I am neither politician or scientist but this is getting right out of hand now and it needs to stop. Scientists are not politicians, they are not leaders and it is ingrained into their personalities to have a super-cautious, negative, downbeat view of the world.
Yes, Bunter has to listen to them occasionally, but he cannot let them believe they are running the country. Nor can he afford to be crippled by the kind of gloominess and defeatism that is typical of their ilk because his job is about more than Covid infections and deaths. He has the fairly terrifying task of getting this country back on the road to economic and social recovery.
And what on earth is the point of this vaccine rollout if we are still going to be living restricted lives for another year – perhaps forever?
The case rate is down by seventy percent, hospital admissions have gone back to early December levels and we are told vaccines will cut deaths by eighty eight percent. Things are changing at lightning speed yet these scientists are talking about restrictions till next Christmas.
Bunter assured us that these vaccines are our ticket for freedom. So why are we not making any progress? Has our Revered Leader – and I use the name sarcastically – suddenly discovered something nobody else is aware of?
We have vaccinated over fifteen million people – that’s a thousand vaccinations a minute dammit – yet restrictions are becoming ever more draconian. This week it was that inane threat of a ten year jail sentence for breaking Covid rules on travel. What will it be tomorrow?
The fact is the scientists currently steering Boris do not understand the economy or how it works. They do not understand that people are hanging onto their jobs, their lives, their houses, their sanity by a thread. And why would they? Their jobs are not on the line and they have been on full pay since the start. More restrictions won’t touch them but it will push millions who are already teetering on the brink right over the edge.
Scientists, who never consider the impact of what they are demanding, do not want normal life to be resumed until the coronabug has been wiped out but that is never going to happen because those same scientists told us the disease is now endemic and will come back every winter.
The fact is that once everyone over fifty and those with underlying conditions has been vaccinated the country should be opened up again and Bunter J should lead the charge back into normality minus masks and bloody social distancing.
Because the majority of us do not want to live in the kind of cowed, sterile, joyless world the scientists want us to inhabit.
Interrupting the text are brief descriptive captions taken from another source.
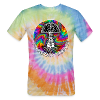 Your Customized Product - rainbow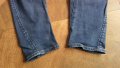 G-Star размер 26 / 32 дамски дънки 10-19, снимка 10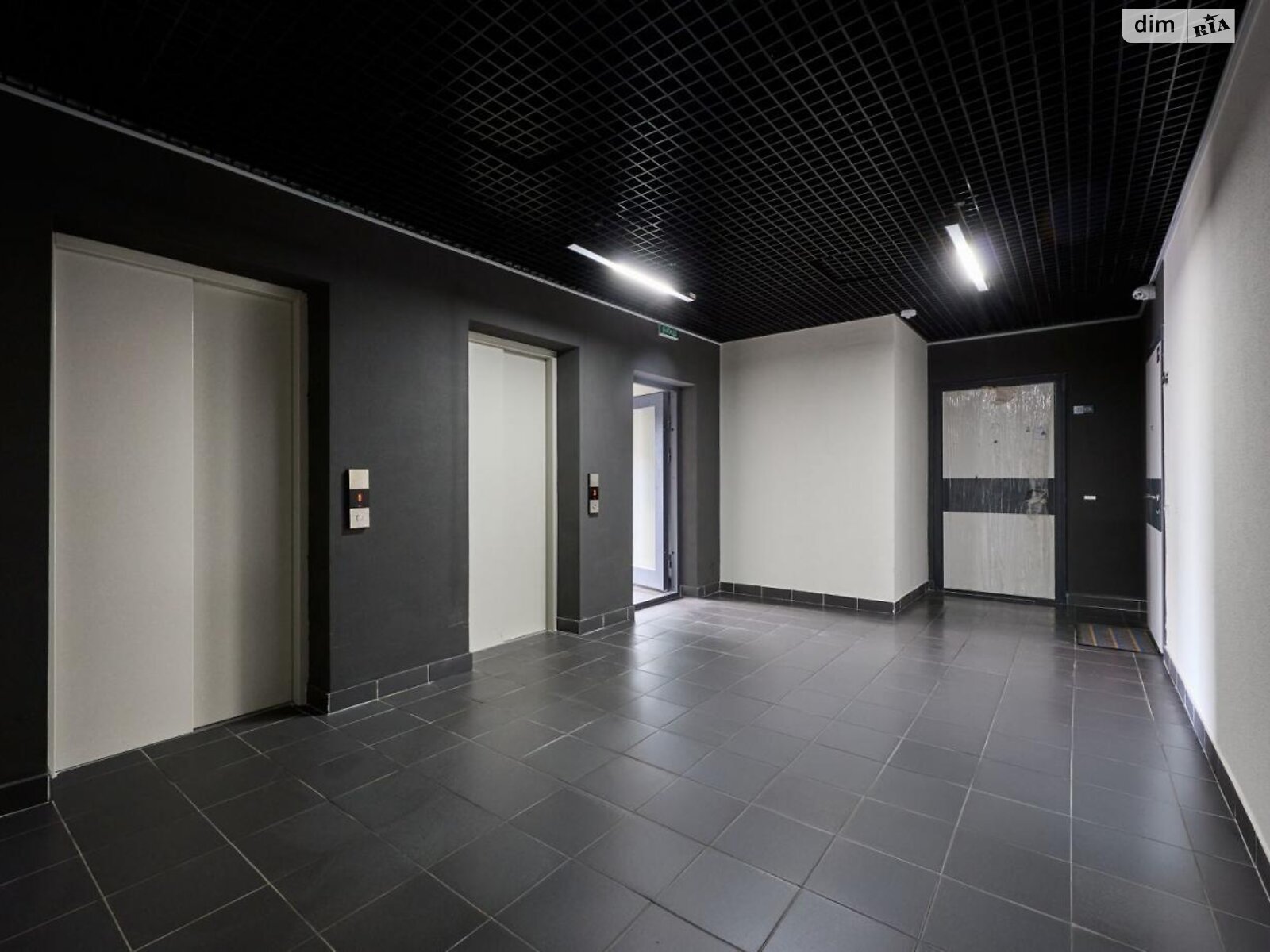 Продаж двокімнатної квартири в Львові, на вул. Пасічна, район Сихів фото 1 Продаж двокімнатної квартири в Львові, на вул. Пасічна, район Сихів фото 1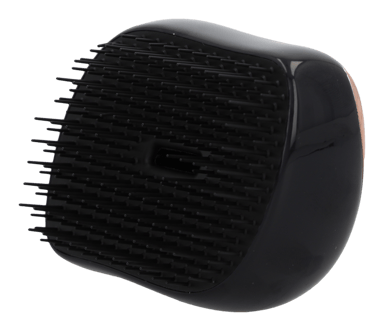 Compact Styler #rose Gold - Black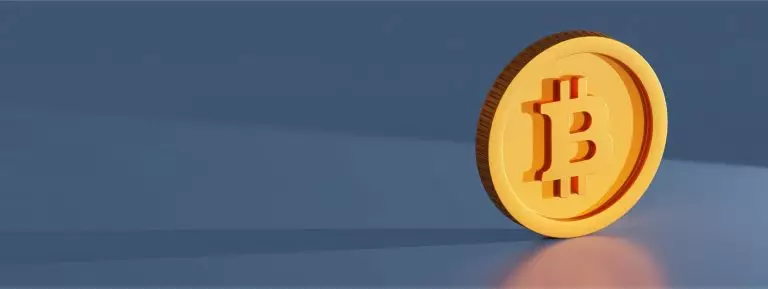 Smart Bit Boost - 
                    1. Coinrule
                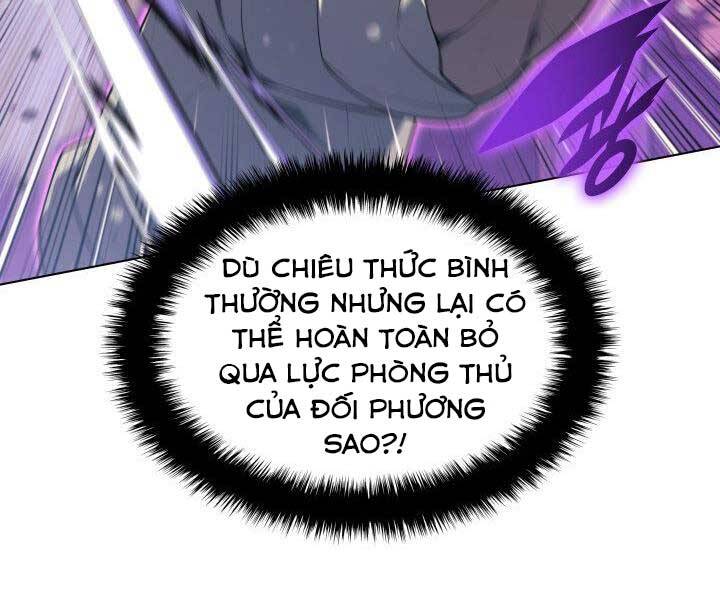 Chương 134
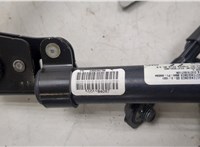  Ремень безопасности Buick Encore 2012-2016 20449694 #3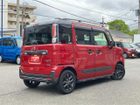 車両画像10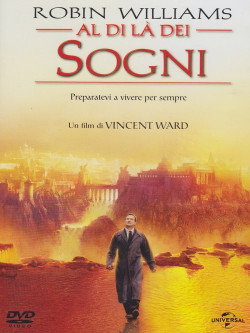 Al Di La' Dei Sogni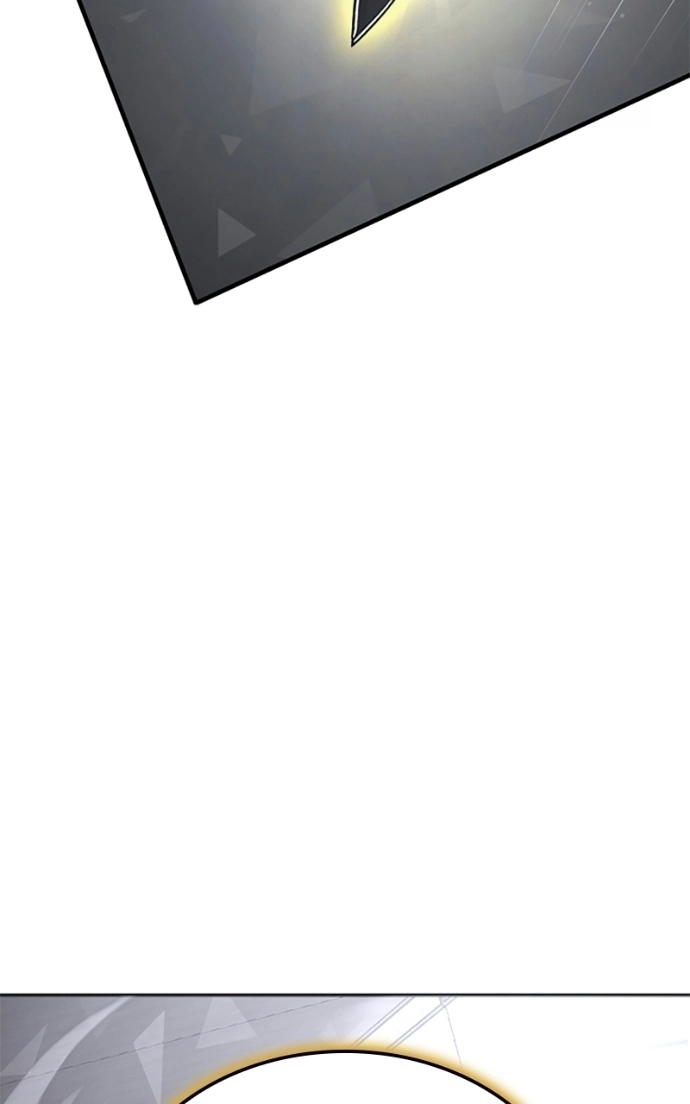 Assassin’s Creed: Forgotten Temple Chapter 147 - Page 66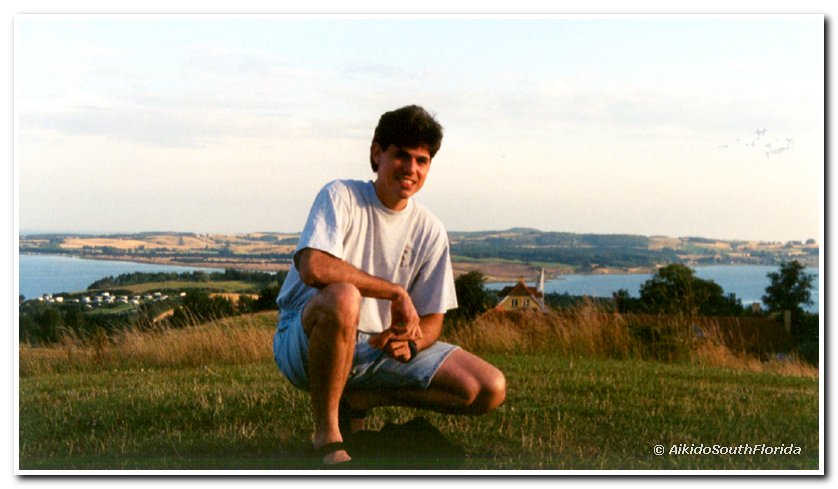 Scan0011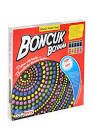 Kumtoys Boncuk Boyama Kutu Oyunu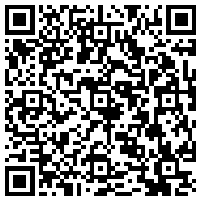 QR Code for bitcoin:bitcoin:bitcoin:bitcoin:bitcoin:bitcoin:bitcoin:bitcoin:bitcoin:bitcoin:3Faaxr4LJXDoBjvNmgfmp7P8aSyjmJUDW4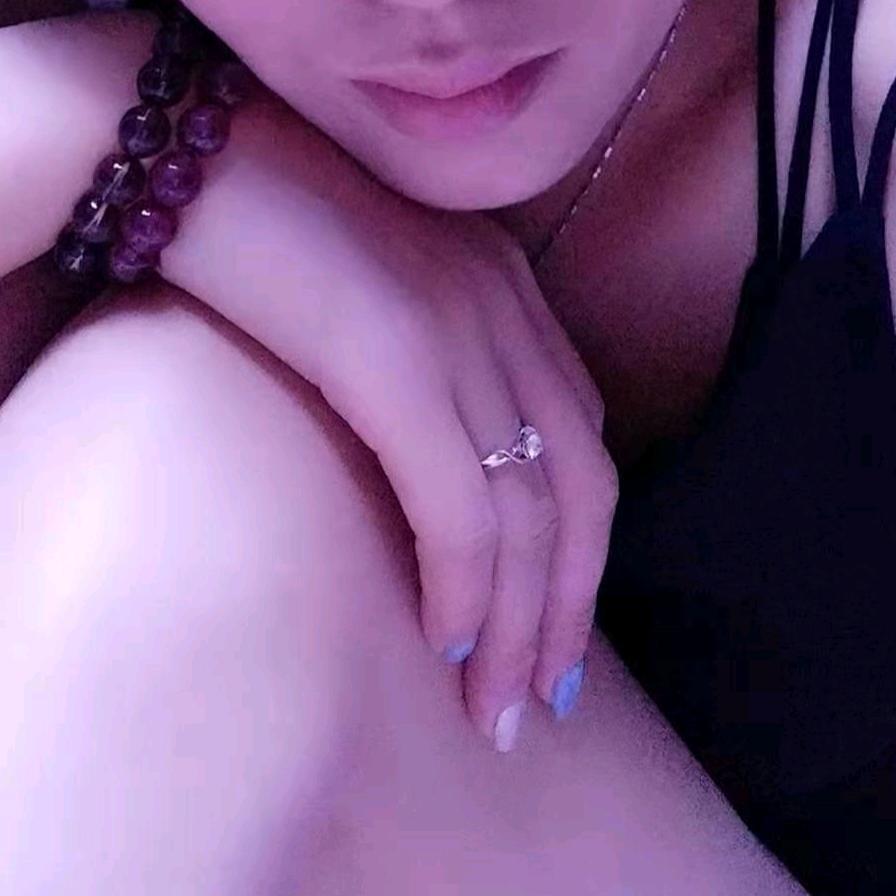 丫头💋柚子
Nor do we want our liberties dispensed with at will by an increasingly authoritarian Government.
The Brexit vote was supposed to be about taking back control but there has never been a time when people have been less in control of their lives than they are right now.
I wonder if we could persuade Mrs Bingham, the bog snorkelling lady to sort out our inept cabinet office and its ministers as her next project? No, I do not suppose she would thank me for that suggestion, but we all need a ray of hope somewhere.